=== Section Start ===

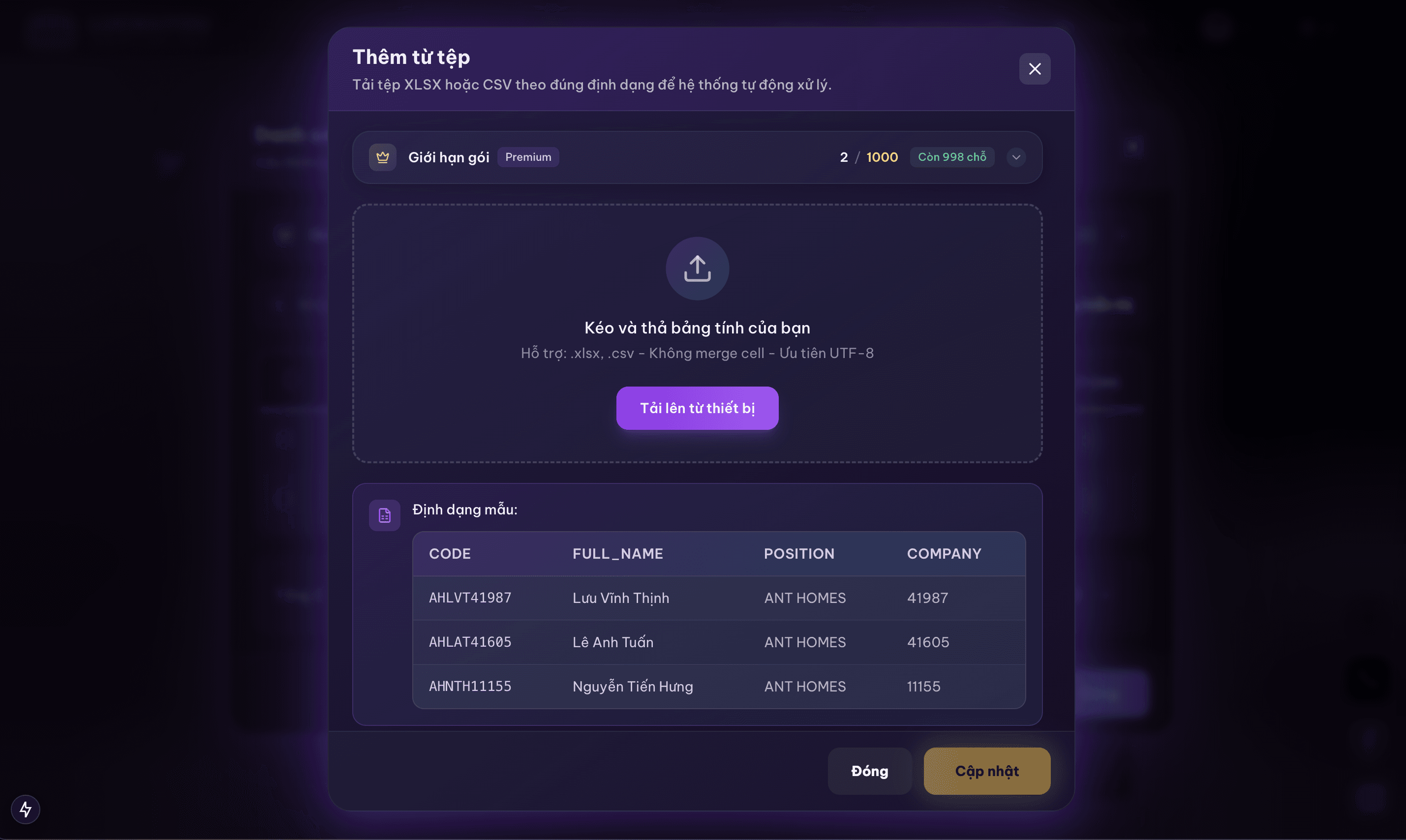 Modal "Thêm từ tệp" - Kéo thả file Excel/CSV để upload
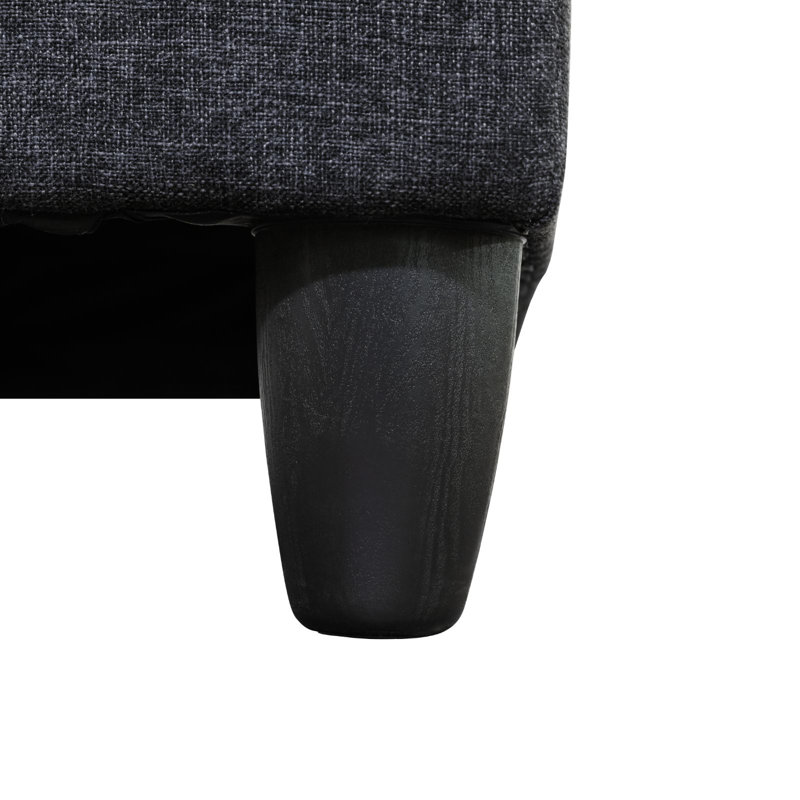 Cassie 97" Wide Sofa & Chaise, Black Linen Blend, Right Hand Facing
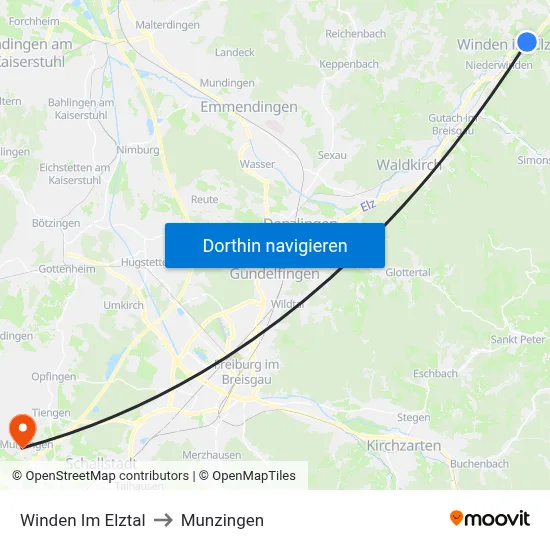 Winden Im Elztal to Munzingen map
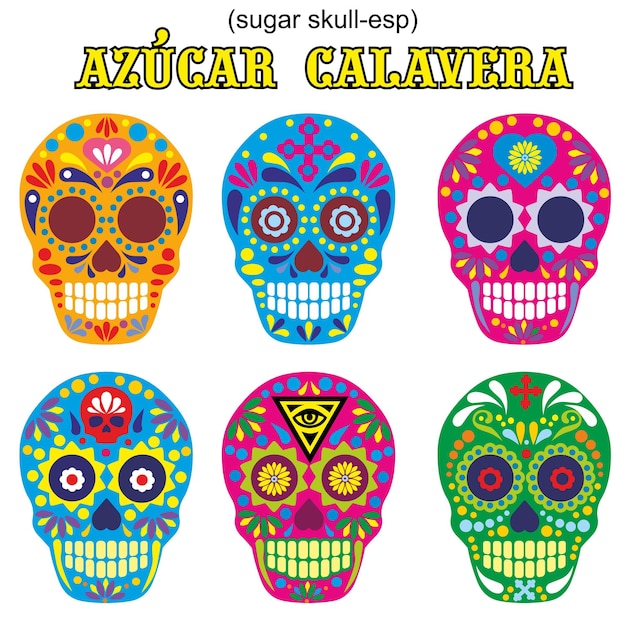 Calavera de azúcar mexicana del día de los muertos de la santa muerte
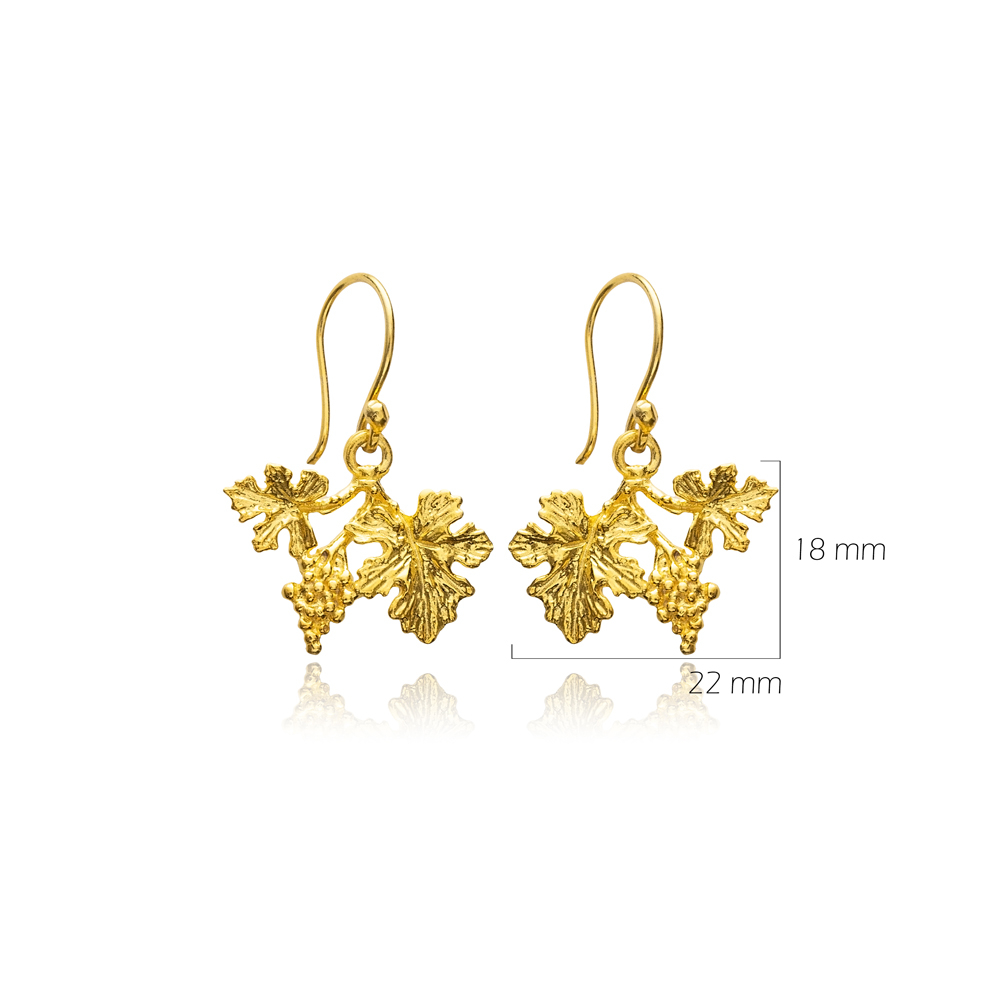 Dainty Leaf Design 22K Vintage Hook Earrings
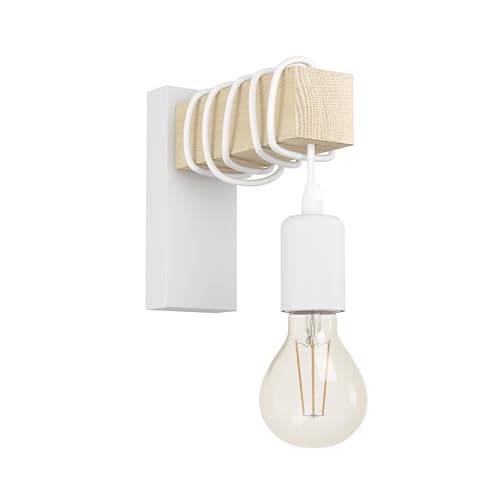 EGLO Indoor wall Light Townshend, Vintage wall lamp in Industrial Design, Retro Lighting Made of Steel and Wood, Colour White, Brown, Socket E27, FSC Certified
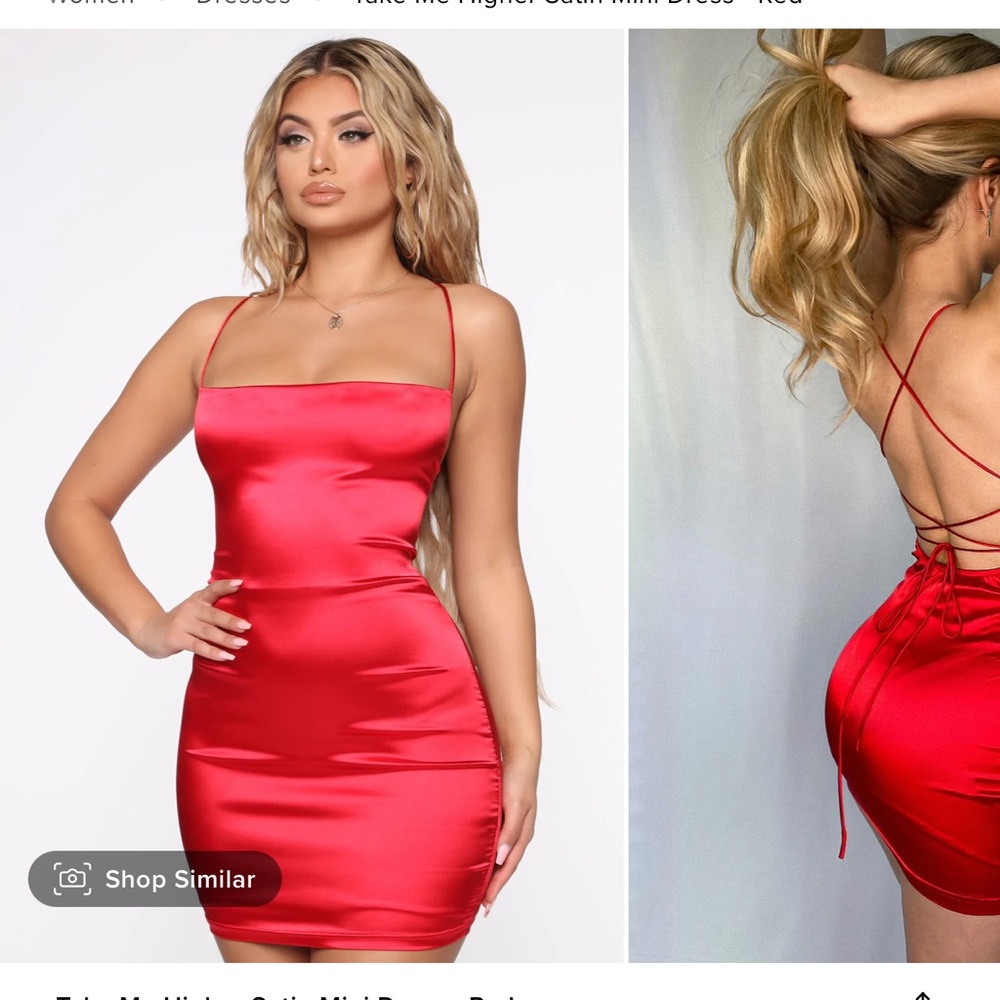 Red Satin Mini Dress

=== Section End ===

◆ **Exercise details**:
From the line containing "Dainty Leaf Design 22K Vintage Hook Earrings" through the last line of the records above, reproduce every line exactly, leaving out the pictures.

◆ **Exercise response**:
 Dainty Leaf Design 22K Vintage Hook Earrings
 EGLO Indoor wall Light Townshend, Vintage wall lamp in Industrial Design, Retro Lighting Made of Steel and Wood, Colour White, Brown, Socket E27, FSC Certified
 Red Satin Mini Dress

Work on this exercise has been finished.